▶ _Task description_
Copy out exactly, and only, the lines from the one containing "DVF Grey Silk Wrap Skirt - Picture 4 of 4" through the end of the entries. No pictures.

▶ _Given records_
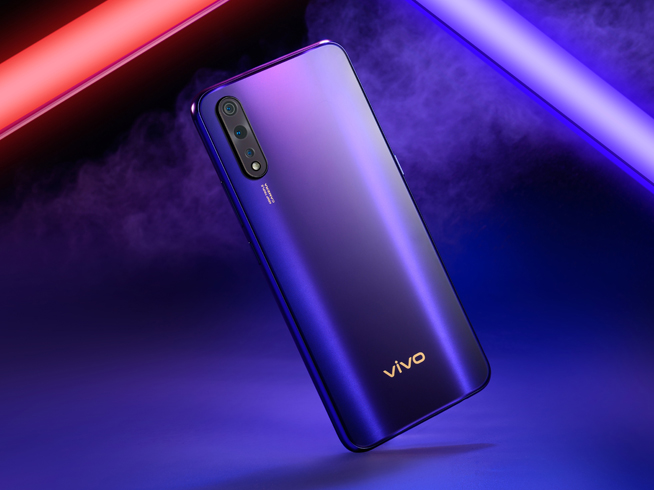 vivo Z5官方渲染圖公布:4800萬三攝大提升 三大絢麗配色
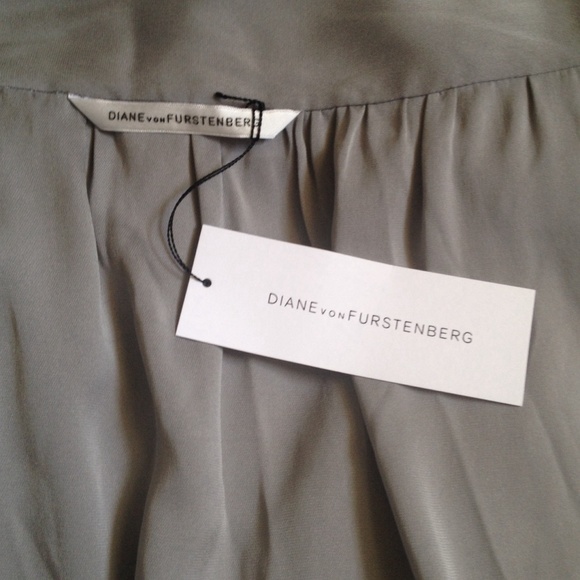 DVF Grey Silk Wrap Skirt - Picture 4 of 4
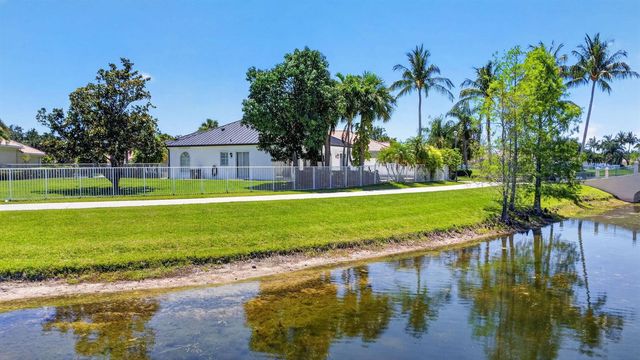 8142 Jolly Harbour Court, Wellington, FL 33414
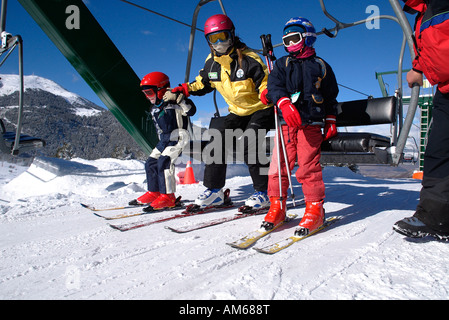 Massive Anwesenheit der Skifahrer zum Skigebiet La Molina in La Cerdnaya. Catalunya, Katalonien, Spanien. Stockfoto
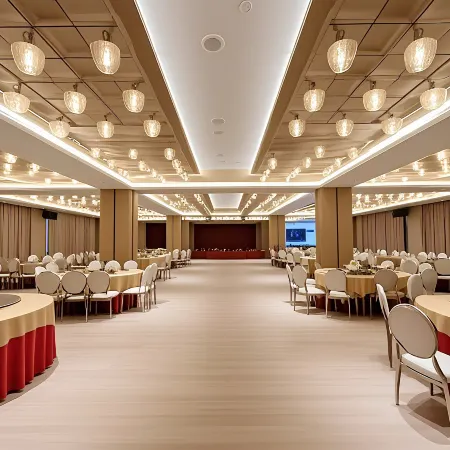 Shuanghong International Grand Hotel (Ninghua Bus Station)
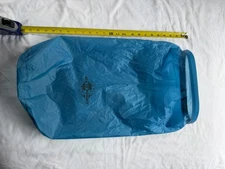 Sea to Summit Lightweight Dry Bag, 20 Liters, Ultralite, Backpacking, Blue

▶ _Your solution_
 DVF Grey Silk Wrap Skirt - Picture 4 of 4
 8142 Jolly Harbour Court, Wellington, FL 33414
 Massive Anwesenheit der Skifahrer zum Skigebiet La Molina in La Cerdnaya. Catalunya, Katalonien, Spanien. Stockfoto
 Shuanghong International Grand Hotel (Ninghua Bus Station)
 Sea to Summit Lightweight Dry Bag, 20 Liters, Ultralite, Backpacking, Blue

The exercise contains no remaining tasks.